Sub-genre of jazz associated with the U.S. West Coast

Cool jazz is a style and genre of modern jazz music inspired by bebop and big band that arose in the United States after World War II. It is characterized by relaxed tempos and a lighter tone than that used in the fast and complex bebop style. Cool jazz often employs formal arrangements and incorporates elements of classical music. Broadly, the genre refers to a number of post-war jazz styles employing a more subdued approach than that of contemporaneous jazz idioms. As Paul Tanner, Maurice Gerow, and David Megill suggest, "the tonal sonorities of these conservative players could be compared to pastel colors, while the solos of [[Dizzy Gillespie|[Dizzy] Gillespie]] and his followers could be compared to fiery red colors."

The term cool started being applied to this music around 1953, when Capitol Records released the album Classics in Jazz: Cool and Quiet. Mark C. Gridley, writing in the All Music Guide to Jazz, identifies four overlapping sub-categories of cool jazz:

1. "Soft variants of bebop," including the Miles Davis recordings that constitute Birth of the Cool; the complete works of the Modern Jazz Quartet; the output of Gerry Mulligan, especially his work with Chet Baker and Bob Brookmeyer; the music of Stan Kenton's sidemen during the late 1940s through the 1950s; and the works of George Shearing and Stan Getz.
2. The output of modern players who eschewed bebop in favor of advanced swing-era developments, including Lennie Tristano, Lee Konitz, and Warne Marsh; Dave Brubeck and Paul Desmond; and performers such as Jimmy Giuffre and Dave Pell who were influenced by Count Basie and Lester Young's small-group music.
3. Musicians from either of the previous categories who were active in California from the 1940s through the 1960s, developing what came to be known as West Coast jazz.
4. "Exploratory music with a subdued effect by Teddy Charles, Chico Hamilton, John LaPorta, and their colleagues during the 1950s."

== Characteristics ==
Cool jazz emerged as a reaction to bop, and is characterized by more moderate tempos and "a more reflective attitude".
Ted Gioia and Lee Konitz have each identified cornetist Bix Beiderbecke and saxophonist Frankie Trumbauer as early progenitors of the cool aesthetic in jazz. Gioia cites Beiderbecke's softening of jazz's strong rhythmic impact in favor of maintaining melodic flow, while also employing complex techniques such as unusual harmonies and whole tone scales. Trumbauer, through "his smooth and seemingly effortless saxophone work," greatly affected tenor saxophonist Lester Young, who prefigured – and influenced – cool jazz more than any other musician.
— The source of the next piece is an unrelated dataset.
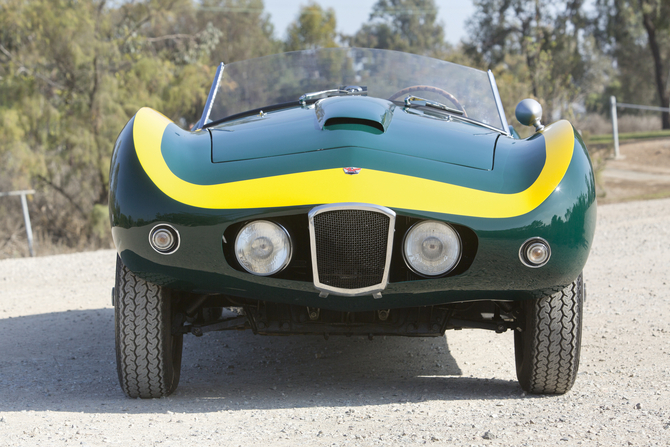 Arnolt  Arnolt-Bristol DeLuxe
Young's saxophone playing employed a light sound, in contrast to the "full-bodied" approach of players such as Coleman Hawkins. Young also had a tendency to play behind the beat, instead of driving it. He more strongly emphasized melodic development in his improvisation, rather than "hot" phrases or chord changes. While Young's style initially alienated some observers, the cool school embraced it. (Young would also influence bebop through Charlie Parker's emulation of Young's playing style.) Tanner, Gerow, and Megill point out that "cool developed gradually, as did previous styles." In addition to Lester Young's approach, cool had other antecedents:

Saxophonist Benny Carter underplayed his attacks, Teddy Wilson played the piano with a delicate touch, Benny Goodman stopped using the thick vibrato of Jimmy Noone and other clarinetists. Miles Davis's solo on Charlie Parker's "Chasin' the Bird" in 1947 and John Lewis's piano solo on Dizzie Gillespie's record of "'Round Midnight" in 1948 anticipated the Cool Era.

== History ==
Cool jazz emerged in the 1940s. Its stylistic origins can be traced to Claude Thornhill's big band, which utilized clarinets, French horns, and tubas.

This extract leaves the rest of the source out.